By the end of 2019, the World Health Organization (WHO) was informed about an outbreak of pneumonia of unknown etiology in Wuhan, China. Some patients were linked to a seafood market, suggesting animal-to-human transmission, but, soon, human-to-human transmission was confirmed. The pathogen was promptly identified as a novel coronavirus belonging to lineage B betacoronaviruses that also include severe acute respiratory syndrome coronavirus (SARS-CoV), which caused a pandemic in China in 2002/2003, and bat SARS-like coronaviruses.1

Since 2012, the outbreak of Middle East respiratory syndrome coronavirus infection starting from Saudi Arabia has resulted in 2494 confirmed cases and 858 deaths in 27 countries, posing ongoing threat to global public health (https://www.who.int/emergencies/mers-cov/en).

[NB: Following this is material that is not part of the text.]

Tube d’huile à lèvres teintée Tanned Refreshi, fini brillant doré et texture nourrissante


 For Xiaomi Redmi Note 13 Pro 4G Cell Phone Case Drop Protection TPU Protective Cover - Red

As of 1 February 2020, there were 12,024 confirmed cases with Wuhan pneumonia and 259 deaths, of which 11,860 cases were found in Mainland China and 164 in 26 other countries and territories. The estimated case fatality rate is about 2%, which is much lower than that of SARS (9.6%), while its transmission rate (R0) is 2–3% (https://www.worldometers.info/coronavirus), similar to that of SARS (3%). Like SARS-CoV-infected individuals, patients infected with this novel betacoronavirus showed abnormal findings on chest computed tomography, along with common symptoms that include fever, cough, and myalgia, or fatigue, at the onset of illness. Still, all indications suggest that the acute respiratory syndrome of SARS is, so far, more severe than that manifested by the present pneumonia outbreak.2

The novel coronavirus was denoted as “2019-nCoV” by WHO (https://www.who.int/emergencies/diseases/novel-coronavirus-2019) and the Wuhan pneumonia was named as “novel coronavirus-infected pneumonia (NCIP)” by Chinese scientists.3 However, it will seem illogical if coronavirus is listed after NCIP, i.e., “novel coronavirus-infected pneumonia coronavirus (NCIP-CoV)”. Therefore, we suggest renaming NCIP as “pneumonia-associated respiratory syndrome (PARS)” and 2019-nCoV as “PARS coronavirus (PARS-CoV)”, similar to SARS-CoV, to retain equivalent terminology.